Climate Change May Affect Malaria Transmission, New Study
Future changes in the climate may affect Malaria transmission in Africa, according to a new study led by researchers at the Universities of Leeds and Lincoln.
Malaria is a climate-sensitive disease in that it thrives in areas that are warm and wet enough to provide a suitable breeding environment for the mosquitoes.
In order to assess the impact that climate change will have on Malaria, the researchers combined a Malaria climatic suitability model with a real-world analysis of the processes of evaporation, infiltration and flow through rivers.
When the researchers looked at future climate scenarios, they found that there are emerging changes in terms of which areas will be suitable for the mosquitos.

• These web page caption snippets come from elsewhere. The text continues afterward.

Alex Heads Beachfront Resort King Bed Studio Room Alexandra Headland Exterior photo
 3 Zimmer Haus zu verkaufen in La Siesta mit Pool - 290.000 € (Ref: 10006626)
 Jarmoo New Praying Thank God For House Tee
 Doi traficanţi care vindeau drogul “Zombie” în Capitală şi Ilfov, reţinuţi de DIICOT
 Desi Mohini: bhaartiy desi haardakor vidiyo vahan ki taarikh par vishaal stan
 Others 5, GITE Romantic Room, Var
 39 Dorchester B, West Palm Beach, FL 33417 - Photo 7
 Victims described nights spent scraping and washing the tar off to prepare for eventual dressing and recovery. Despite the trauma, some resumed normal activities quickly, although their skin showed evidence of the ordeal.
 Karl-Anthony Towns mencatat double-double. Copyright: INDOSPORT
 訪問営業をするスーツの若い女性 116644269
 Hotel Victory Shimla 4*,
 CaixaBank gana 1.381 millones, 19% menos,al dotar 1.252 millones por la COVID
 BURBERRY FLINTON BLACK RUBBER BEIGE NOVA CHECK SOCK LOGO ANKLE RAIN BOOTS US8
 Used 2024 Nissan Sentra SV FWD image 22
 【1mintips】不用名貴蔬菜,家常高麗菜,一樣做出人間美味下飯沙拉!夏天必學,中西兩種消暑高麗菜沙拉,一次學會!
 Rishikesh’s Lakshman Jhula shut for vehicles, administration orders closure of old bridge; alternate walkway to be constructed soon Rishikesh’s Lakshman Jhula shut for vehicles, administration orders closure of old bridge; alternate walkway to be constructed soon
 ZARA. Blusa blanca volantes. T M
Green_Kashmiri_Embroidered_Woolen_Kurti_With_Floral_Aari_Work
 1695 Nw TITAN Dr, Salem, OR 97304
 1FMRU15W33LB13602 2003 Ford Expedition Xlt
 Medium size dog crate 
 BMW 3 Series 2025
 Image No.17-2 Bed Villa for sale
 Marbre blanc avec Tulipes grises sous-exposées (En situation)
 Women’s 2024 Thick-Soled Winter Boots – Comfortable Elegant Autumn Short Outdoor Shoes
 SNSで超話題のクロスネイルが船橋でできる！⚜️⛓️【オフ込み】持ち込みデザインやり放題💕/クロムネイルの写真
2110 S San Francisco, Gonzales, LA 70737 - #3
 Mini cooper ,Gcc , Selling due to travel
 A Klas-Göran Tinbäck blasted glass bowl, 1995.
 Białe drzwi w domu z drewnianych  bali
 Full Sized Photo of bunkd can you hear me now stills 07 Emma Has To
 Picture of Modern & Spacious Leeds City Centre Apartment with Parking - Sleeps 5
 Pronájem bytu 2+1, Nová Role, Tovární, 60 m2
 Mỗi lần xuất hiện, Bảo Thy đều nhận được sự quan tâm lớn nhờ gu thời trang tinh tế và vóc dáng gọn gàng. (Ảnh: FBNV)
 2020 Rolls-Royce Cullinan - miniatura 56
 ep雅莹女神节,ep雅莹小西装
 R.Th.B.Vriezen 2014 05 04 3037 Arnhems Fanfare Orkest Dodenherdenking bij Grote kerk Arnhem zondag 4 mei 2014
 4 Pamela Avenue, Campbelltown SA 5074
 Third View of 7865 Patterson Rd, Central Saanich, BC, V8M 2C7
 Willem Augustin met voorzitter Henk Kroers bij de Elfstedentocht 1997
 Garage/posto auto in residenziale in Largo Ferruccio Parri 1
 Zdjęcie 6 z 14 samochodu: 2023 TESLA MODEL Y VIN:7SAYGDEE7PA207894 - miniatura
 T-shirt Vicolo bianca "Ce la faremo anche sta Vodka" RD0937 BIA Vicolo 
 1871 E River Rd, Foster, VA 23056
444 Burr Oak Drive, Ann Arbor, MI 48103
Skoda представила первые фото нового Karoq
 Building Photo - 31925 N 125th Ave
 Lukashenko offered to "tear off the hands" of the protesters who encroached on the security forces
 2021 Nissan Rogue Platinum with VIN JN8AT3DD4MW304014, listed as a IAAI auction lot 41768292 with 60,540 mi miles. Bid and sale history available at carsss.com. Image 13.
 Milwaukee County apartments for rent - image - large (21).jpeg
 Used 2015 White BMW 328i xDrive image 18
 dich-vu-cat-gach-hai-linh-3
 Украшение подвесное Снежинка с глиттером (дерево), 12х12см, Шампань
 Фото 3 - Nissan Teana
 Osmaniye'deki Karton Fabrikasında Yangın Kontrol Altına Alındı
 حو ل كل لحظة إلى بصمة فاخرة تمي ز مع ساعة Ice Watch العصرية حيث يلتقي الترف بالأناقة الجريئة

They found that areas across southern Africa that were previously unsuitable for the mosquitos were changing.
In comparison, projected decreases in malaria suitable areas across West Africa are more pronounced. The largest difference was projected to be in South Sudan, where the researchers have estimated a substantial decrease in malaria suitability in the future.
Study lead author Dr Mark Smith, from the School of Geography at Leeds, said: ‘Since the huge efforts to eradicate malaria from parts of the world, the areas where we observe malaria today are only a part of the total area that would otherwise be suitable for malaria transmission.
‘But if we are to project the impact of climate change on the geography of malaria transmission, we need to develop more sophisticated ways of representing that envelope of malaria suitability both today and in the future.
‘Our approach aims to layout the environmental risks of malaria more clearly so that projections of climate change impacts can help inform public health interventions and support vulnerable communities.
‘But this is only a first step, there is a lot more we can do to embed state-of-the-art hydrological and flood models into estimates of malaria environmental suitability and, potentially, even early warning systems of local malaria epidemics.’